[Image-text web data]
==================================================

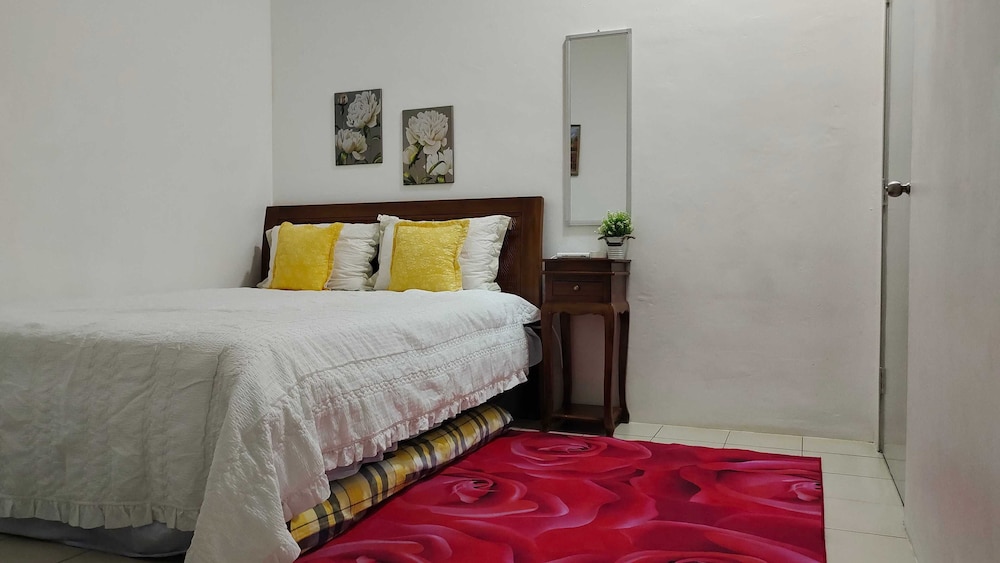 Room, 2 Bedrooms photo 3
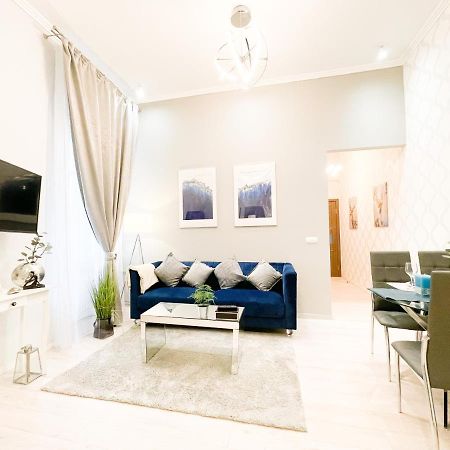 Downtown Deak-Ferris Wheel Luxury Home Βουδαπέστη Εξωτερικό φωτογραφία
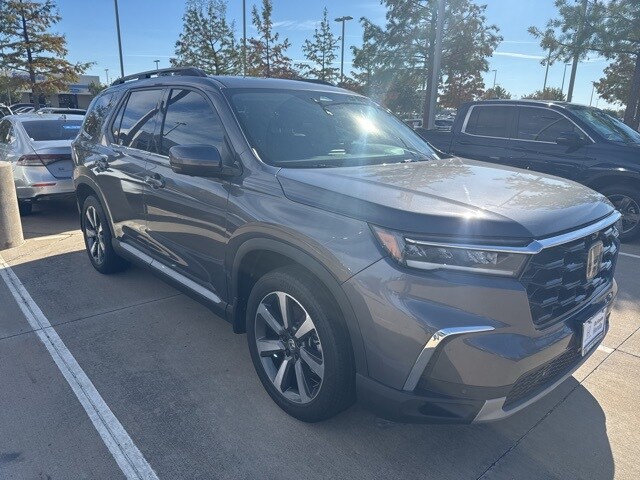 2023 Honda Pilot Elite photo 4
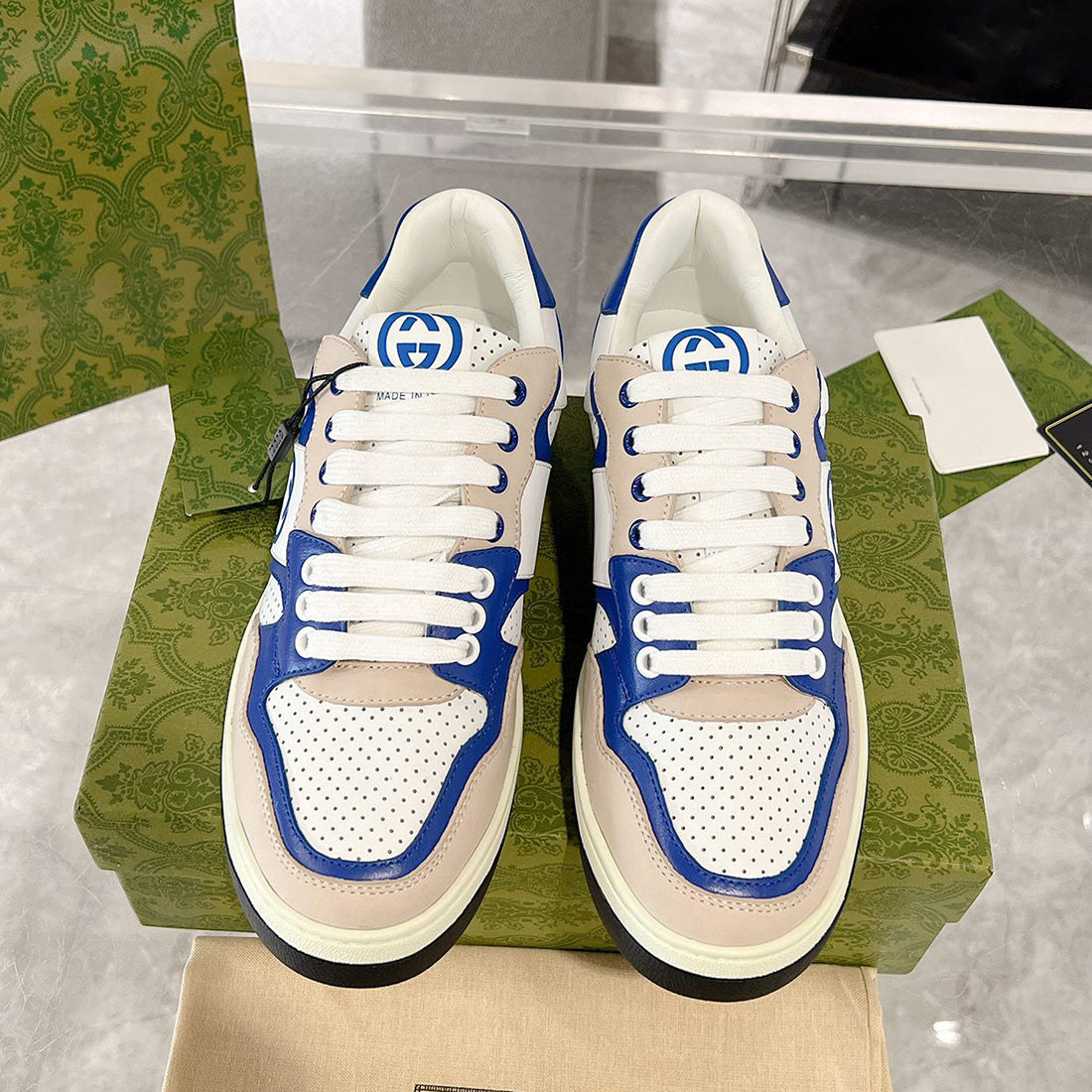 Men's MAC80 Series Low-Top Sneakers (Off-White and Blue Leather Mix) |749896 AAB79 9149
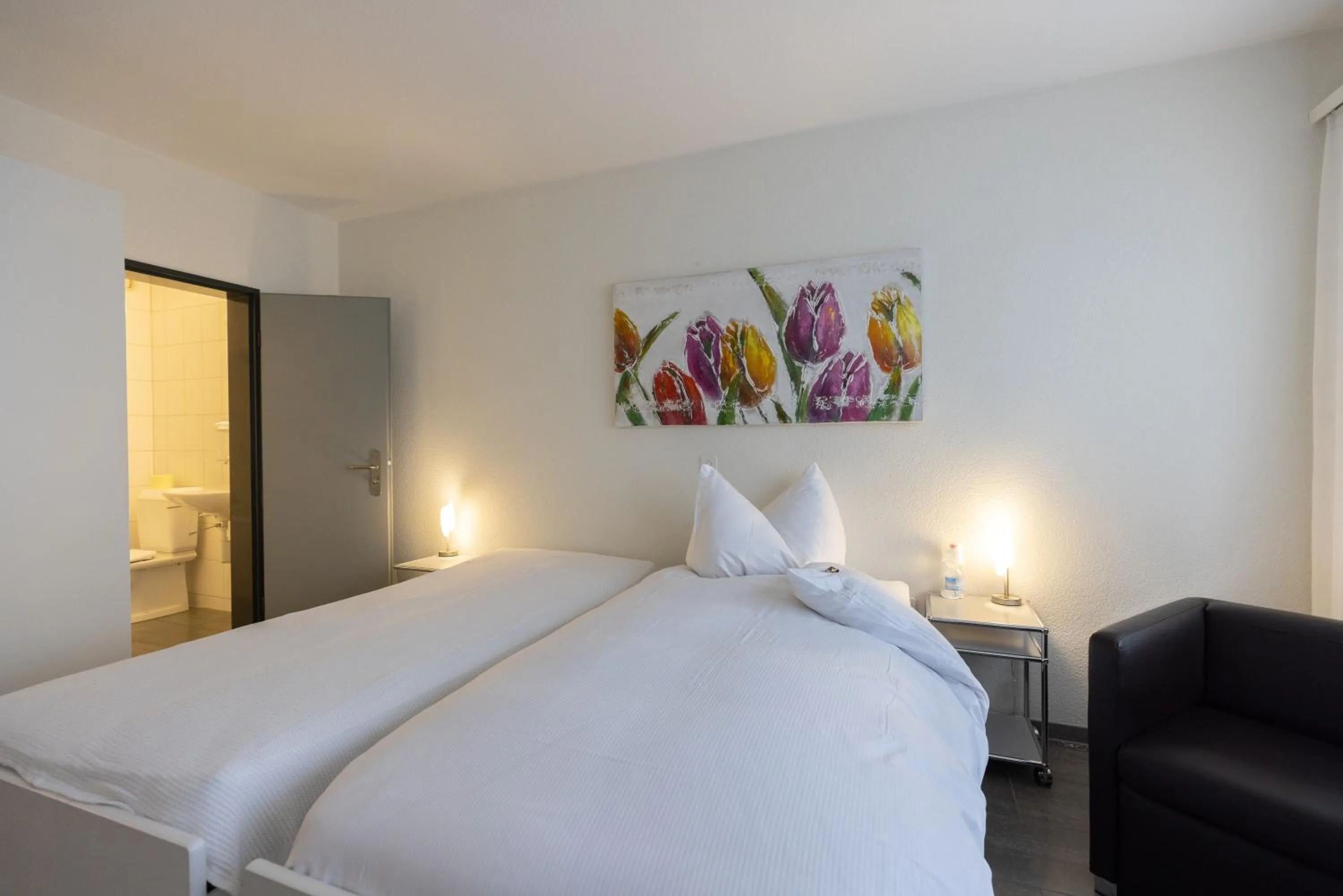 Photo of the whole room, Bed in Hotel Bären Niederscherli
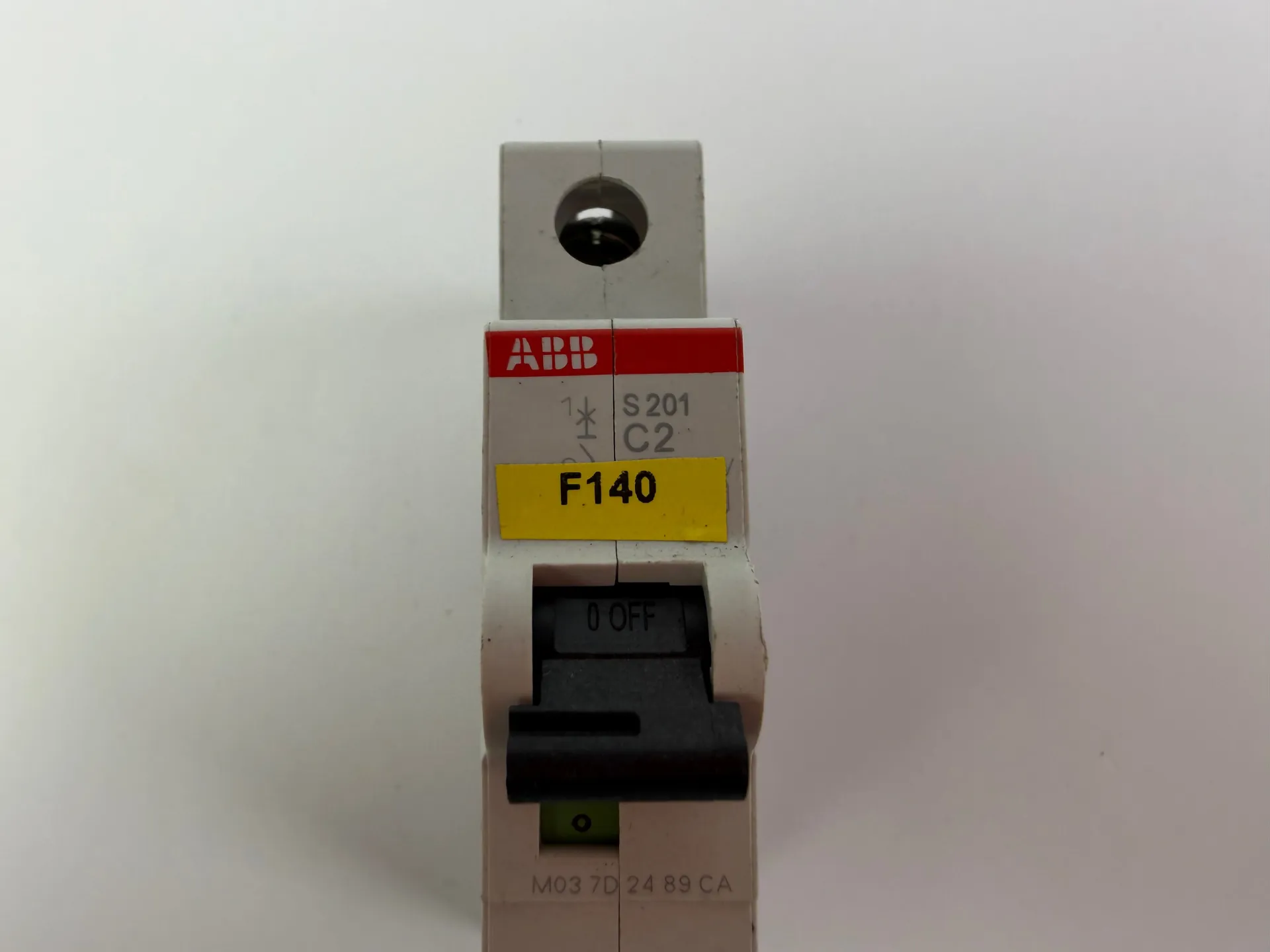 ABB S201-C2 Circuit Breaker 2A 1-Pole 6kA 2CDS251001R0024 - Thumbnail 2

==================================================

Work order
The full data, repeated exactly and stripped of its pictures, is the expected answer.

Result of this exercise
 Room, 2 Bedrooms photo 3
 Downtown Deak-Ferris Wheel Luxury Home Βουδαπέστη Εξωτερικό φωτογραφία
 2023 Honda Pilot Elite photo 4
 Men's MAC80 Series Low-Top Sneakers (Off-White and Blue Leather Mix) |749896 AAB79 9149
 Photo of the whole room, Bed in Hotel Bären Niederscherli
 ABB S201-C2 Circuit Breaker 2A 1-Pole 6kA 2CDS251001R0024 - Thumbnail 2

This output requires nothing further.